The basic lessons taught to the kids: to the males when it is about how dominating and masculine they’re expected to be, which later takes the form of a dominating ego which washes away the common sense about the other’s rights and consents.

To the females, when it is about how sensitive and mannered they are, how they can cry but not pick the sword, how they should seek protection rather than be their own shield, how they should submit and not speak.

And this, the attitude of “providing protection” rather than aiding women to be “independent” for themselves gives another leverage to the males for assuming that they hold greater control over the females as they alone can protect and, thus, they alone can decide for them.

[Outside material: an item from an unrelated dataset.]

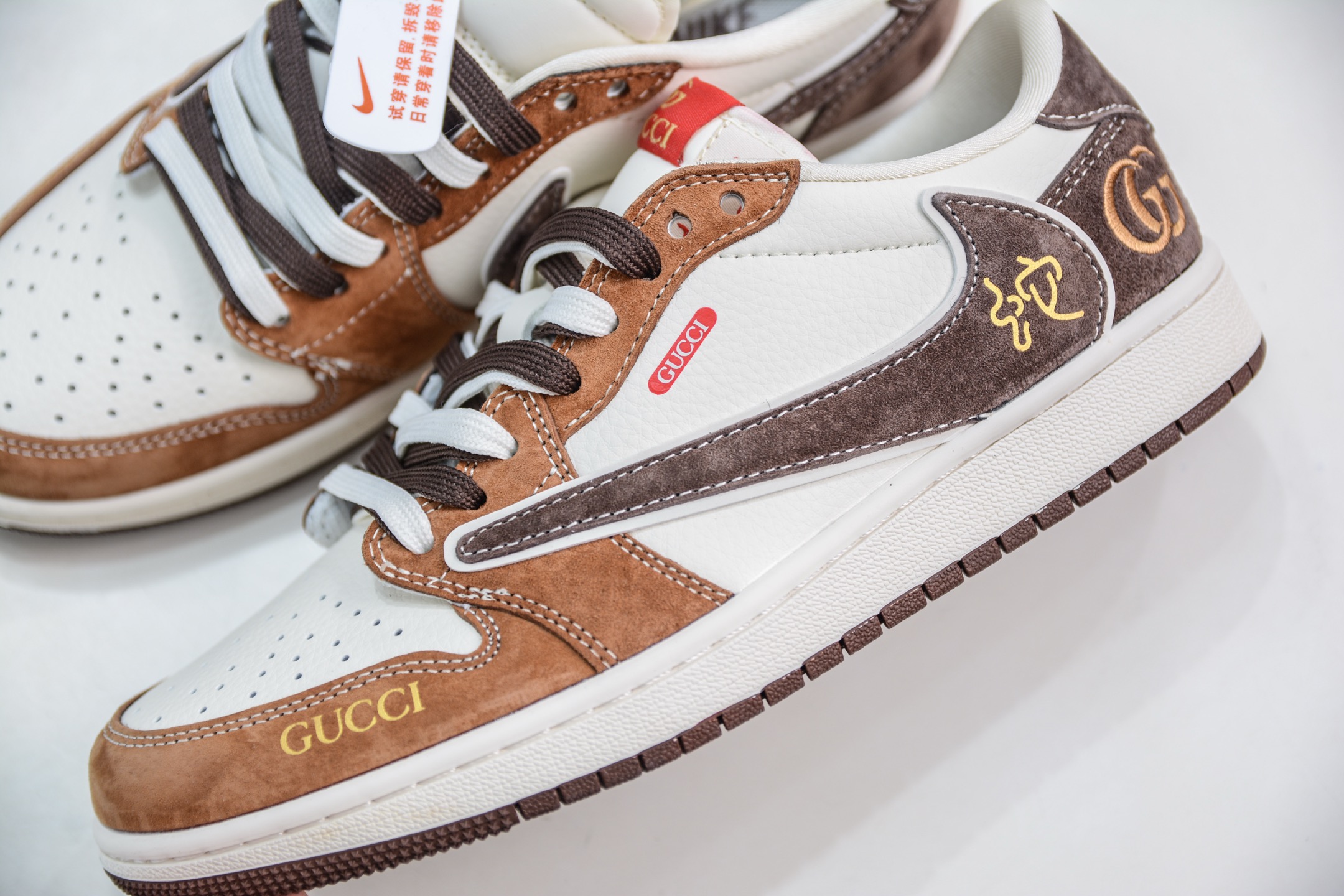 Travis Scott x Nike Air Jordan 1 Low x Gucci 蛇年限定古驰联名-棕蛇 DM9288-011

Once a woman would learn to live and overcome crimes in her own way, by herself, it is when she’d know about her rights over her own selves and would know why no one else may claim rights over her as if she is property.

Most importantly, rape isn’t about “family honour” but about the intrusion of the limits of a woman’s consent over her body and desires, about the physical and mental violence to the individual and about dismantling of the fundamental human values.

The moment this is understood, a family, society, a female shall stop being ashamed of themselves for the pain they faced and would unequivocally get the criminal in front of the world.

Normalise sex education. We need to understand that desire for pleasure is as basic to humans as any other physical need. But since the rest of them are normalised and are handled casually, no one salivates so overly at food or water that they’d harm people for it.

Thus, if kids are talked to about the concept of sex, consent and harmless gratification, this urge too can be controlled and expressed without such hype. This would also ensure that teenagers and adults (both males and females) don’t drool over the opposite gender and inflict harm to them for the mere gratification of their own needs, that too in unacceptable ways.

This would make kids understand that when interacting with a human, focus more on their intellectual aspects, thereby reducing the gender gap and making the environment more inclusive for males, females, and LGBTQIA+.

Conclusion

Make your boys understand that they’re no superior but equal, that they’re gentle when they offer help but are not expected to assume ownership over whom they help.

Tell them that basic value to human life, consent and rights is way more than some evil urges that seek temporary physical pleasure and gratification to the superiority ego. Tell them, the female is an equal counterpart, not an object, and so is a fellow being from the LGBTQIA+ community.

Make sure your girls understand that they can protect themselves, that they shouldn’t fear but glow with the confidence that nature has already blessed them with. Tell her that her hormones do support compassion but also that they don’t make any basis for submission in the name of ensuring the peace of the family.

Tell her that she needs to pick the sword when need be. Tell her she is enough and that no one at all has the right to dominate/decide for her.

Otherwise, we shall grow in a world where women would just doubt every single man, and as I mentioned earlier, be quick or else you may not find women in this world. So respect her when she’s here as Parvati, or be prepared to be beheaded by Kali.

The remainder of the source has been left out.